Kristof also asserts that terms like BIPOC (Black, Indigenous, People of Color) were created by white, privileged folks. Regardless of who first used the acronym BIPOC, the term is accepted and actively used by many people of color as a powerful form of solidarity.
The same is true for LGBTQIA2S+, the ever-evolving acronym that can be hard to keep up with, but its intention is the clear message: “We are in this together”. I can relate to Mr. Kristof's question of whether the expansion of the acronym LGBT to LGBTQIA2S+ is counterproductive. It was not all that long ago that I, as someone who throughout her life has had more than one identity under this umbrella, had a similar thought. Yet, over time, I developed a powerful sense of belonging that comes from the unequivocal commitment to leave no one behind, when I explored my discomfort and opened my heart to an ever-expanding circle of kin.
Standards for inclusive language will change as language changes, and we will sometimes choose to use words that differ from what is generally thought of as the ideal, but hopefully, when we do, it is always with intention and an eye toward inclusion.
Mr. Kristof is deeply concerned with this country's desperate inequities, and he is correct in recognizing that changing language alone (for example, shifting from the word homeless to houseless) doesn't provide solutions to the problem. But it is ill-advised to hinder improving language to elevate and encompass a greater range of experiences.

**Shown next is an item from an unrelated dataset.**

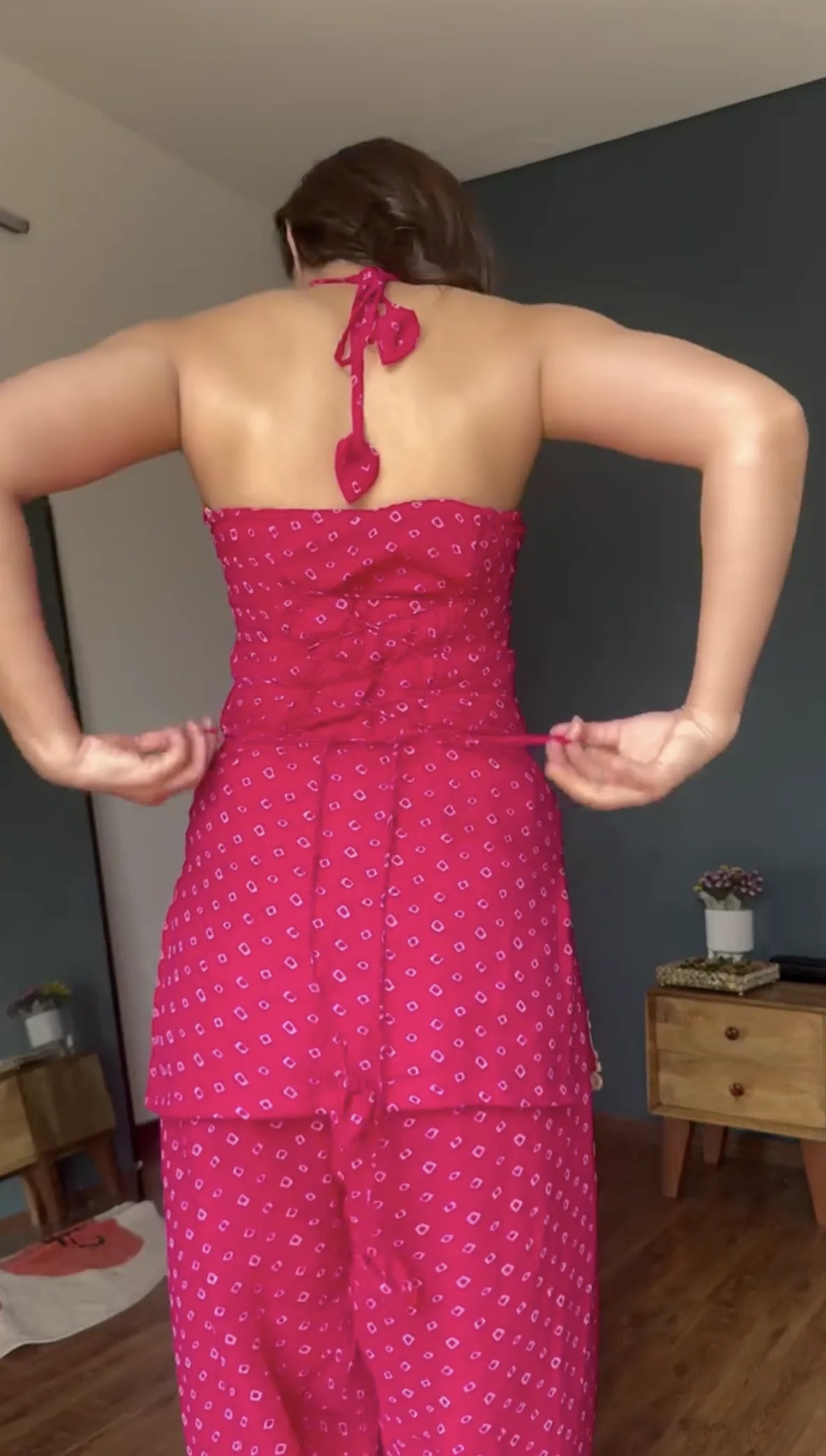Halter tie-back detail of rani pink bandhani foil georgette kurta patiyala set — back view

Language that is more inclusive invites everyone to bring all aspects of themselves to solving the problems at hand and enables us to join in solidarity and more effectively work together towards solutions.

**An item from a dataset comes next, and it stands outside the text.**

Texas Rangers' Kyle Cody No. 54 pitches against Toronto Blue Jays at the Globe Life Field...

I’ll close with an excerpt of Toni Morrison’s Nobel Lecture, in which she speaks about both the power of language and the responsibility we have to it.
Be it grand or slender, burrowing, blasting, or refusing to sanctify; whether it laughs out loud or is a cry without an alphabet, the choice word, the chosen silence, unmolested language surges toward knowledge, not its destruction. But who does not know of literature banned because it is interrogative; discredited because it is critical; erased because alternate? And how many are outraged by the thought of a self-ravaged tongue?
Word-work is sublime … because it is generative; it makes meaning that secures our difference, our human difference – the way in which we are like no other life.
We die. That may be the meaning of life. But we do language. That may be the measure of our lives.